WHAT NEEDS TO BE DONE => Line by line, return the material below exactly as it reads.

GIVEN DATA =>
===============

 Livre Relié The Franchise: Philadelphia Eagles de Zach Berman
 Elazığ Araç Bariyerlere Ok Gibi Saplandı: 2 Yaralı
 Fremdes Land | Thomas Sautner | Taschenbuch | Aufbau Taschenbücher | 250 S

===============

TASK RESULT =>
 Livre Relié The Franchise: Philadelphia Eagles de Zach Berman
 Elazığ Araç Bariyerlere Ok Gibi Saplandı: 2 Yaralı
 Fremdes Land | Thomas Sautner | Taschenbuch | Aufbau Taschenbücher | 250 S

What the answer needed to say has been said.